Golden State vs New Orleans is not a particularly surprising result, with the warriors taking it easily. The pelicans only have a 40.8% chance to win at home, so out of all the 4-1 results, this one is most likely to be a 4-0 sweep. Portland vs Memphis, on the other hand, is a surprising result because Memphis has the better regular season record and HCA in the series, but portland gets away with a slight advantage. Both teams average ~99 points at home when looking at adjusted offense, but Portland has a 2 point advantage in adjusted offence on the road. This prediction however lies on shaky ground as Portland has lost one of their best defenders in Wesley Matthews to injury for the season. Without getting too much into match-ups and straying from the statistics, no Shooting Guard from Memphis will be able to take advantage of that. Regardless, this prediction is reasonably valid as Memphis has been on a long streak of mediocrity lately.

The result of Houston vs Dallas is not particularly surprising, but the fact that it predicts such a close series is intriguing. Both teams have potent offences that average over 100 PPG at home and on the road, and they both have average to subpar defense. The advantage eventually falls to Houston because of Dallas’ -3 defensive impact on the road.

Finally in the West, Clippers vs San Antonio promises to be a close match-up, the model predicts the Clippers to take it 52.7% of the time, which is hardly a conclusive result. Both teams have been on a surge in the second half of the season, so that factor cancels out in this match-up. Over in the East, Atlanta vs Brooklyn looks to be an easy victory for the Hawks, taking a 4-1 win. They also have a 67.6% WP against the Nets in Brooklyn, so this is also quite likely to be a 4-0 sweep.
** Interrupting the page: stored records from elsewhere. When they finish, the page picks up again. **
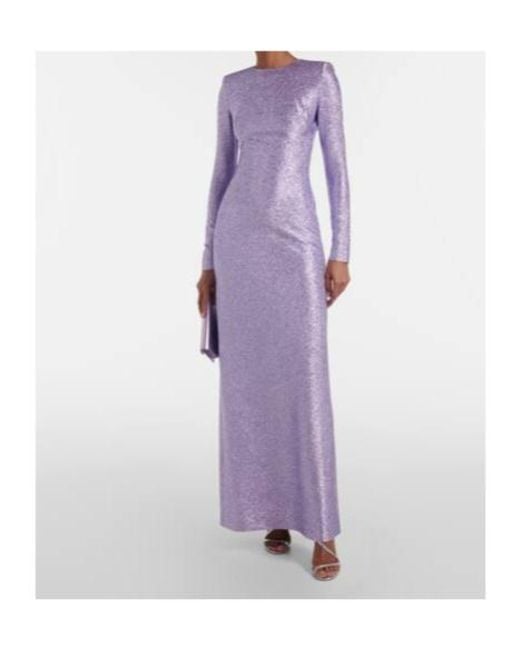 Oscar de la Renta Purple Round Neck Long-Sleeved Dress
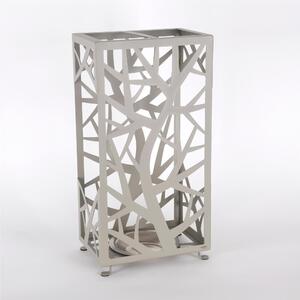 Portaombrelli in metallo rettangolare lavorazione alberi e rami intrecciati di una foresta Dimensioni 30x20xh 56 cm cm due posti colore Tortora pastello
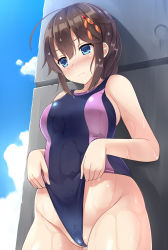 Rule 34 | 10s, 1girl, 3:, ahoge, alternate costume, bare shoulders, blue eyes, blush, breasts, brown hair, competition swimsuit, frontal wedgie, groin, hair flaps, hair ornament, hair over shoulder, highres, kantai collection, lifting own clothes, long hair, medium breasts, mizunashi kenichi, one-piece swimsuit, partially visible vulva, shigure (kancolle), shigure kai ni (kancolle), solo, swimsuit, wedgie, wet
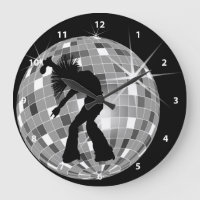 Silhouette Chanteur Et Danseur Sur Disco Ball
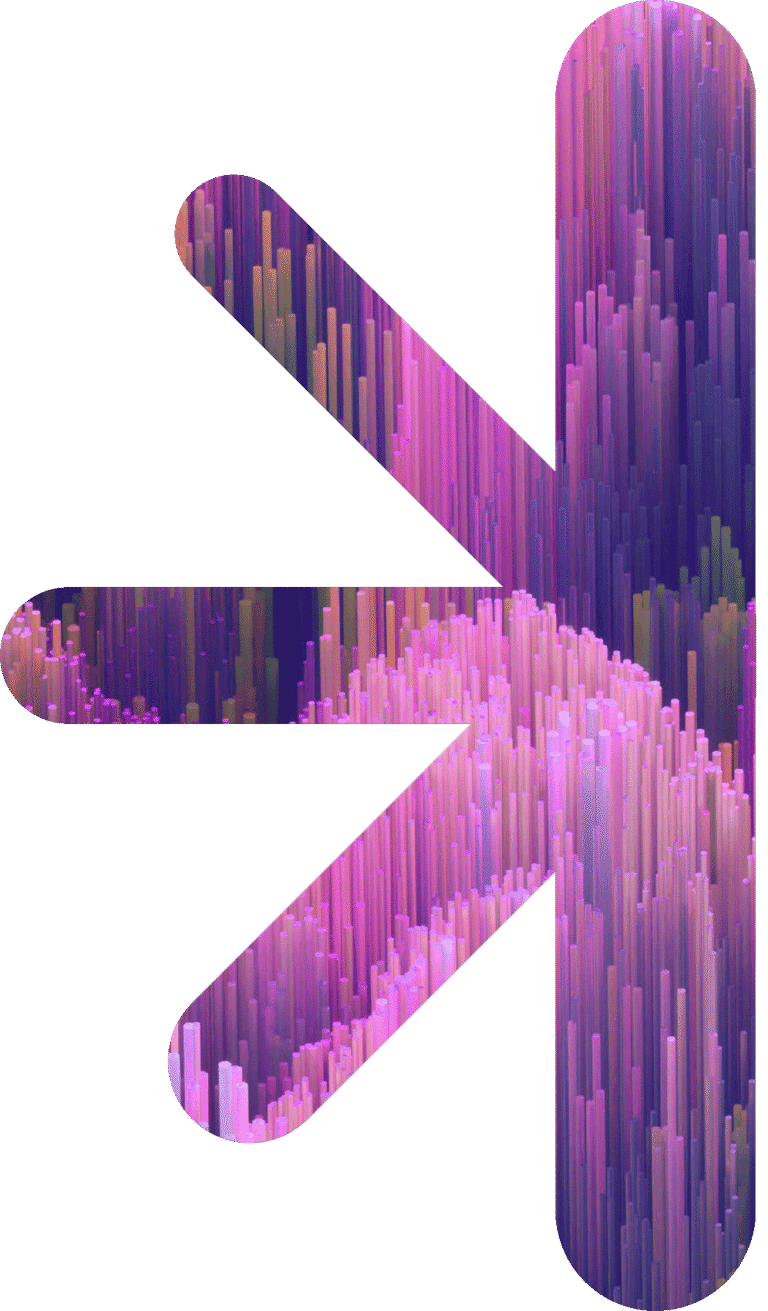 Half logo - abstract levels – new classic – new classic Large white geometric shape in the form of a letter 'K' over a pink‑purple fiber-texture background (decorative).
Toronto vs Washington gives the advantage to the Raptors, who have a strong Home-court advantage in Toronto. Cleveland vs Boston is not particularly surprising when you look at the result alone, a 4-1 win to the Cavaliers, but the fact that it gives the Celtics a 30% chance of winning is shocking considering it’s a 2/7-seed matchup, people are considering the Cavaliers as strong championship contenders, and the Celtics only locked up a playoff spot with their penultimate game.

This prediction is most likely affected by the fact that the Cavaliers have been resting their star players over the later stretch of games, so that might have some effect. However, equally valid is the fact that the Celtics have a vastly improved squad over the second half of the season, so this prediction is probably reliable enough that I’m confident the Celtics can win one game.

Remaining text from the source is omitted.